Any law that contradicts an absolute truth is a bad law and I wrote that when Padraig Harrington was disqualified when on the verge of winning the Benson and Hedges International Open at The Belfry in 2000.
He had the correct score on his card, any number of people could vouch for it but his signature was in the wrong place and, three days after making that score - a course record at the time - he was ejected from the tournament.
Then there was the preposterous instance of Mark Roe and Jesper Parnevik being thrown out of the Open Championship at Royal St George's in 2003 for something similar when the players signed for the right score on the wrong card.
They were disqualified for an "administrative error" - which is how the Royal & Ancient describe it now.
And it was as much the R&A's error as the players', almost.
And the R&A were so decently sheepish about it all that they did not deprive the two players of their share of the prize money. I'm getting to admire the R&A. Because yesterday they, together with the United States Golf Association, announced that there are to be no fewer than 111 amendments made to the book Decisions on the Rules of Golf,from January 1 next.
Since the book was last written, two years ago, the two governing bodies have decided that 111 laws have been so questionable as to need to be rewritten.

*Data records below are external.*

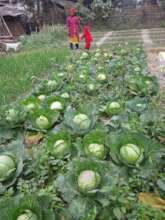 Sawitri (and child!) in her thriving garden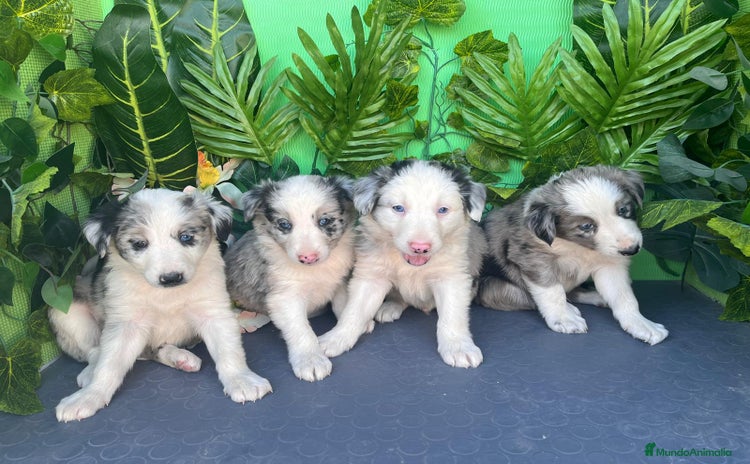 Border Collie perros - Anuncio 1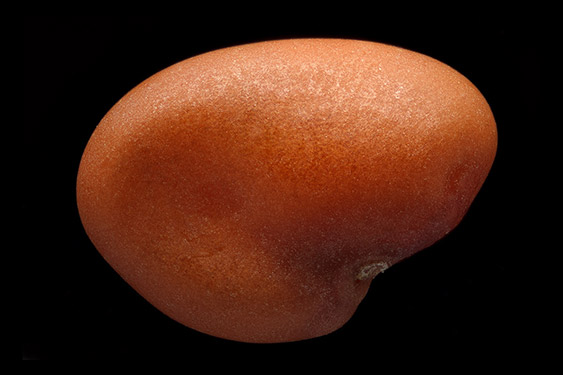 Medicago sativa - yellow alfalfa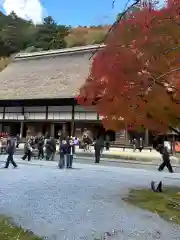 永源寺(滋賀県)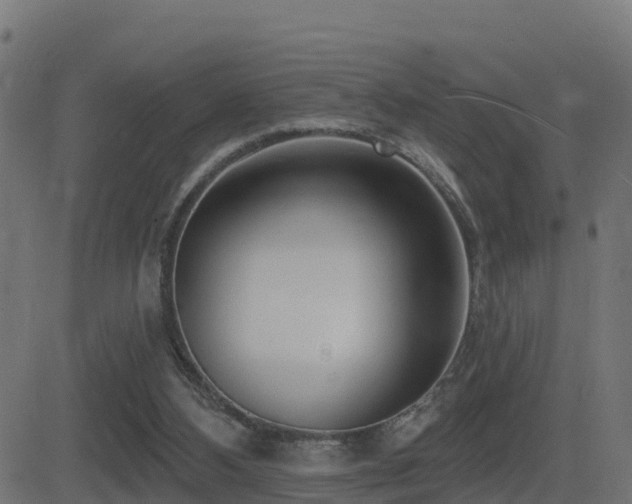 X0000081480108200701121455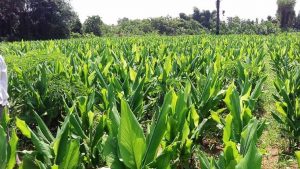 Cultivo de plantas de cúrcuma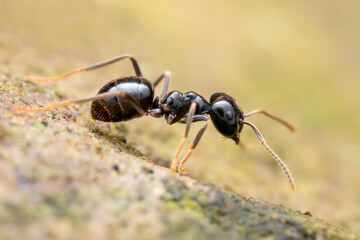 Black forest ant - Lasius fuliginosus, beautiful small black forest ant from Euroasian forests and woodlands, Czech Republic.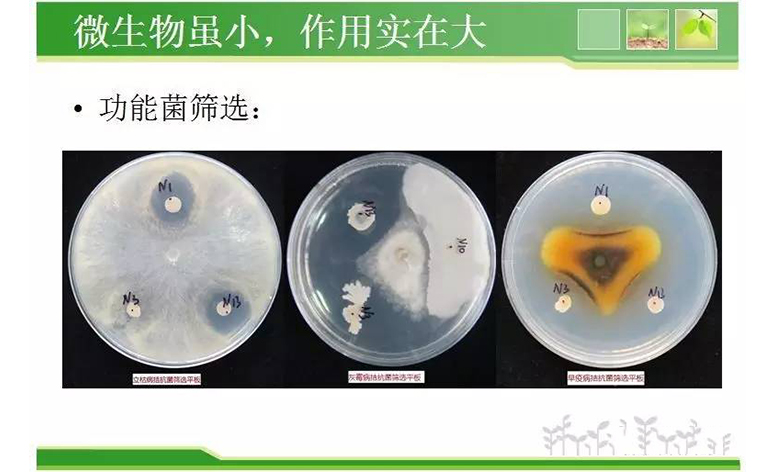 1495248096133828.jpg 66.jpg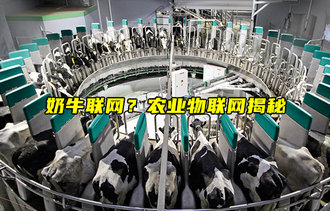 奶牛聯(lián)網(wǎng)？農(nóng)業(yè)物聯(lián)網(wǎng)揭秘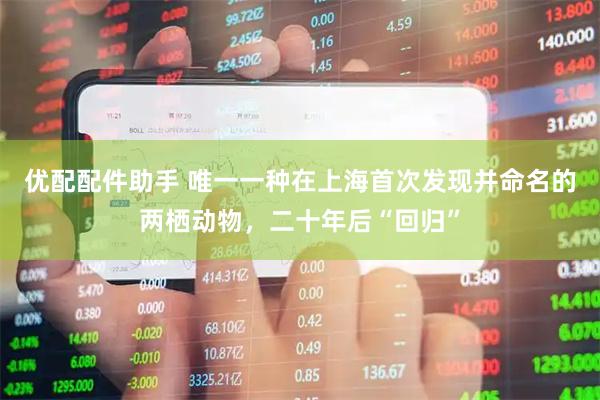 优配配件助手 唯一一种在上海首次发现并命名的两栖动物，二十年后“回归”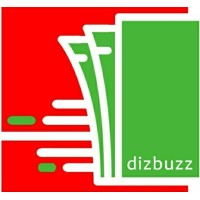 Dizbuzz logo - Similar company to Mavapay
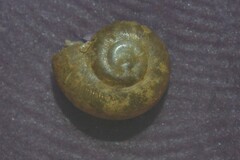 Perpolita hammonis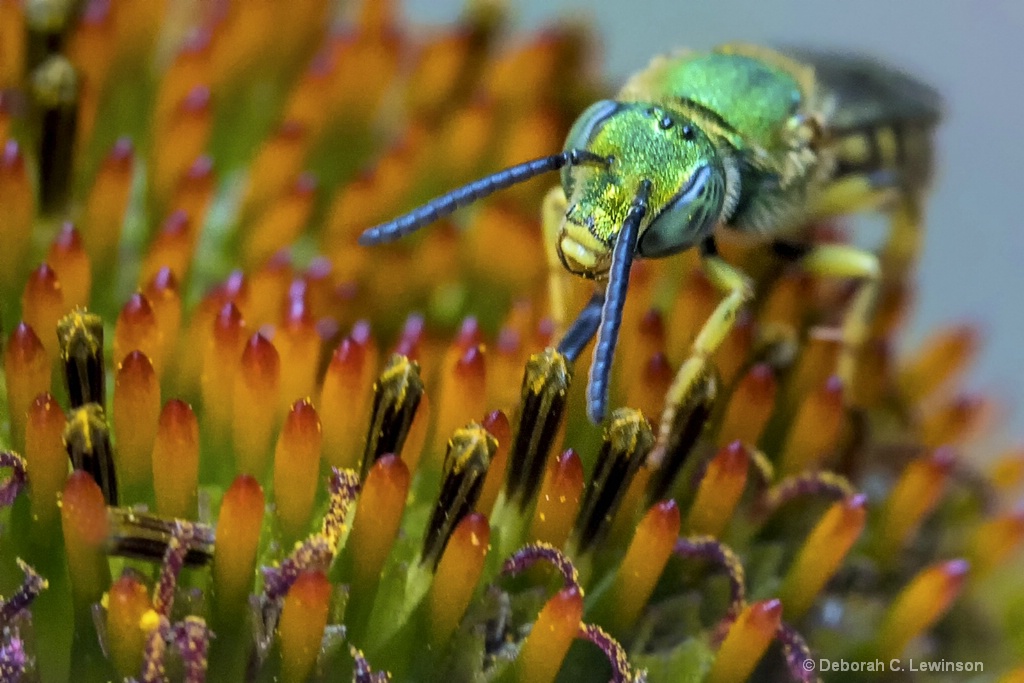 Metallic Green Bee- super close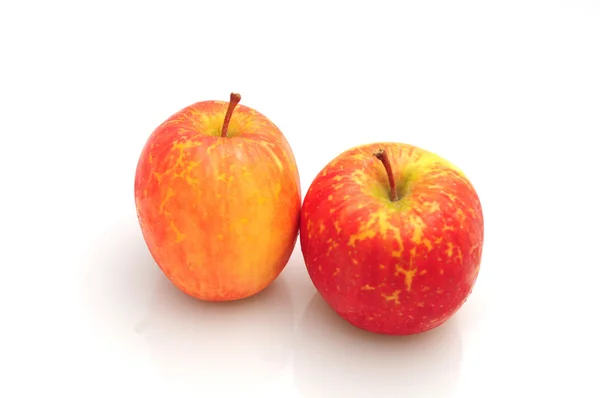 Manzanas ecológicas aisladas sobre fondo blanco —  Fotos de Stock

That's one in the eye for the rules worshippers.
Out of 1,200 Decisions, there are to be 37 new Decisions, 66 revised Decisions and eight are being withdrawn.
There is now to be "help" for the player who signs the wrong card.
"In the future," says the new pronouncement, "such an administrative error [as in the Roe/Parnevik case] can be corrected without penalty.
"Revised Decision 6-6d/4 gives a committee the power to strike the wrong name from an otherwise correctly completed scorecard and add the correct name, without limit of time."
Good news, of course, but it's a shame that good sense of that order did not prevail on the Kent coast 26 months ago.
If what happened is wrong now, it was wrong then.
According to the two governing bodies, the principal change to the Book concerns the use of distance measuring devices, including GPS-based systems and laser rangefinders.
"New Decision 14-3/0.5 allows a committee to permit the use of distance-measuring devices by Local Rule," it is announced.
"This applies to devices that measure distance only, not any other conditions that might affect a player's play (eg, wind or gradient). In the absence of such a Local Rule, the use of a distance-measuring device remains contrary to the Rules."
Those meticulous tournament professionals, the likes of Bernhard Langer who want to know every inch from his ball to the pin, will no doubt rejoice at all this.
To the rank and file, it will mean that the R&A are moving with the technology of the times. But there is unlikely to be a rush by members of my club to the nearest distance-measuring machine shop.